Process Stock Exchange images, detecting the positions of columns and headers.
import numpy as np
import cv2
import math
import statistics
import os
try:
from PIL import Image
except ImportError:
import Image
import pytesseract
from tqdm.auto import tqdm
from statistics import mean
import re
from fuzzywuzzy import fuzz
import tempfile
from pathlib import Path
# These OCR image preprocessing steps are based on https://stackoverflow.com/a/43493383
# I don't really understand why this particular combination of filters works, but it does seem to improve OCR results
BINARY_THRESHOLD = 200
def process_image_for_ocr(file_path):
# TODO : Implement using opencv
temp_filename = set_image_dpi(file_path)
im_new = remove_noise_and_smooth(temp_filename)
return im_new
def set_image_dpi(file_path):
im = Image.open(file_path)
length_x, width_y = im.size
factor = max(1, int(5000 / length_x))
size = factor * length_x, factor * width_y
# size = (1800, 1800)
im_resized = im.resize(size, Image.ANTIALIAS)

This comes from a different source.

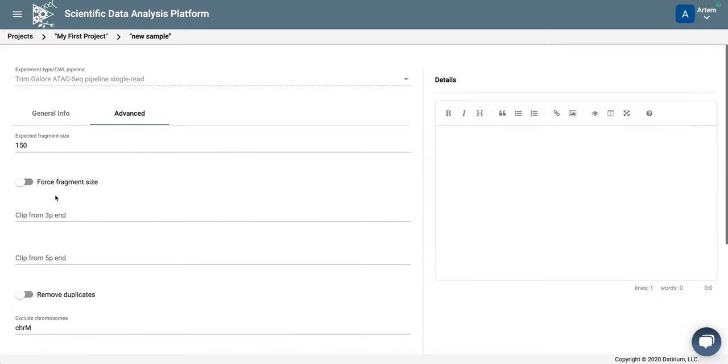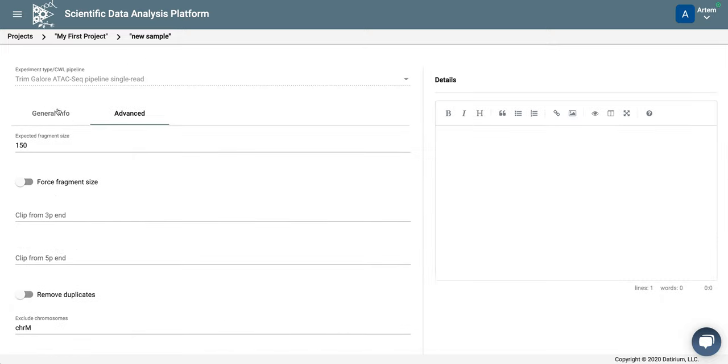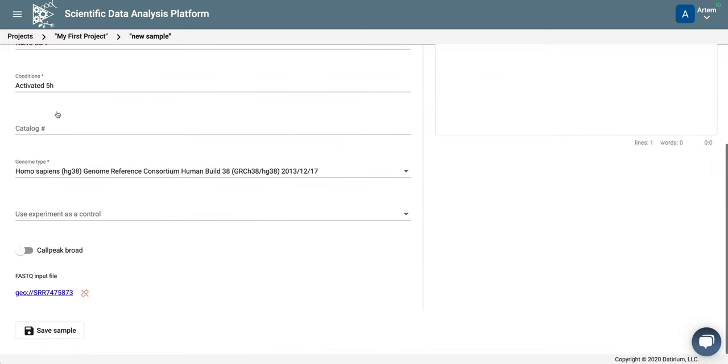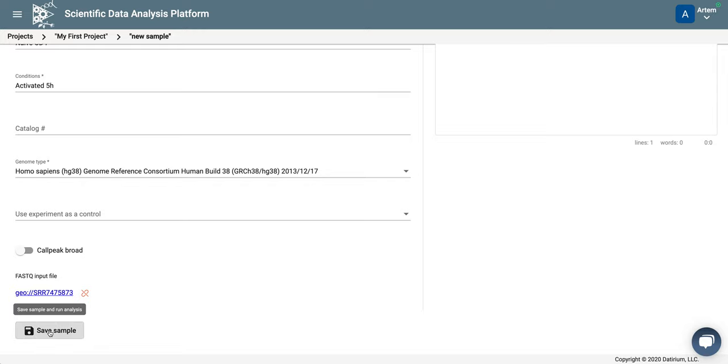Okay, now let's go back to general tab, and we click save sample, and this will start sample processing.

temp_file = tempfile.NamedTemporaryFile(delete=False, suffix='.jpg')
temp_filename = temp_file.name
im.save(temp_filename, dpi=(300, 300))
return temp_filename
def image_smoothening(img):
ret1, th1 = cv2.threshold(img, BINARY_THRESHOLD, 255, cv2.THRESH_BINARY)

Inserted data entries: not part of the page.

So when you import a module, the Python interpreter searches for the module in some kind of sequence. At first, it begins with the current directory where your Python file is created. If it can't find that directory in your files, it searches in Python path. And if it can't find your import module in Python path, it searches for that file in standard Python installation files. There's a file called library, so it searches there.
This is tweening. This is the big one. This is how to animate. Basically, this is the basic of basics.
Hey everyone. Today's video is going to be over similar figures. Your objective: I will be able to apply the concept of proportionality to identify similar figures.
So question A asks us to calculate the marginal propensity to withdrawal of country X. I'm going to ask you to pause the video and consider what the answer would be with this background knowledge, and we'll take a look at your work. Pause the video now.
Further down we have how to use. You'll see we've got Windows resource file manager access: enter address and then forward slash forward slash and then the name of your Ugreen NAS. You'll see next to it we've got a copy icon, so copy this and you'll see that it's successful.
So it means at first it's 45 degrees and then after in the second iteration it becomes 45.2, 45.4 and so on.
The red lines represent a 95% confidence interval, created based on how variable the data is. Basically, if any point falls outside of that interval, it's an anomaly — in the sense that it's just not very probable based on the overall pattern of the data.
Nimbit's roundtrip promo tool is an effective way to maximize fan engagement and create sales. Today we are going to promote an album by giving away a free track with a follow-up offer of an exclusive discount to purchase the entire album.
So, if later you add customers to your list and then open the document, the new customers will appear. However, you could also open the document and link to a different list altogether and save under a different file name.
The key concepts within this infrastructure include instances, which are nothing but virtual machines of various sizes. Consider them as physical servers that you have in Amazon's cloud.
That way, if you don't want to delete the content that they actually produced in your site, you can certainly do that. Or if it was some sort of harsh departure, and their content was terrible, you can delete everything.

ret2, th2 = cv2.threshold(th1, 0, 255, cv2.THRESH_BINARY + cv2.THRESH_OTSU)
blur = cv2.GaussianBlur(th2, (1, 1), 0)
ret3, th3 = cv2.threshold(blur, 0, 255, cv2.THRESH_BINARY + cv2.THRESH_OTSU)
return th3
def remove_noise_and_smooth(file_name):
img = cv2.imread(file_name, 0)
# gray = cv2.cvtColor(img,cv2.COLOR_BGR2GRAY)
filtered = cv2.adaptiveThreshold(img.astype(np.uint8), 255, cv2.ADAPTIVE_THRESH_MEAN_C, cv2.THRESH_BINARY, 41, 3)
kernel = np.ones((1, 1), np.uint8)
opening = cv2.morphologyEx(filtered, cv2.MORPH_OPEN, kernel)
closing = cv2.morphologyEx(opening, cv2.MORPH_CLOSE, kernel)
img = image_smoothening(img)
or_image = cv2.bitwise_or(img, closing)
(h, w) = or_image.shape[:2]
img = resize(or_image, h, w)
return img
def find_lines(img):
'''
Find straight lines in an image.
Returns a list of lines.
These settings have been arrived at after much trial and error.
'''
# Convert to grayscale
gray = cv2.cvtColor(img,cv2.COLOR_BGR2GRAY)
# Theshold image (convert to black and white)
retval, th = cv2.threshold(gray,125,255,cv2.THRESH_BINARY+cv2.THRESH_OTSU)
# cv2.imwrite('data/th.jpg',th)
# Use median blur to get rid of a lot of the text
median = cv2.medianBlur(th, 11)
# cv2.imwrite('data/median.jpg',median)
# Try to strengthen the remaining lines
kernel = np.ones((5,5),np.uint8)
opened = cv2.morphologyEx(median, cv2.MORPH_OPEN, kernel, iterations=1)
# cv2.imwrite('data/opened.jpg',opened)
# Find the edges of the remaining shapes
v = np.median(gray)
lower = int(max(0, (1.0 - 0.33) * v))
upper = int(min(255, (1.0 + 0.33) * v))
# edges = cv2.Canny(opened,50,150,apertureSize=3)
edges = cv2.Canny(opened,lower,upper,apertureSize=3)
# cv2.imwrite('data/edges.jpg',edges)
# Find straight lines in the edges
# Note that the minLineLength and maxLineGap values can have a dramatic effect on the number of lines detected.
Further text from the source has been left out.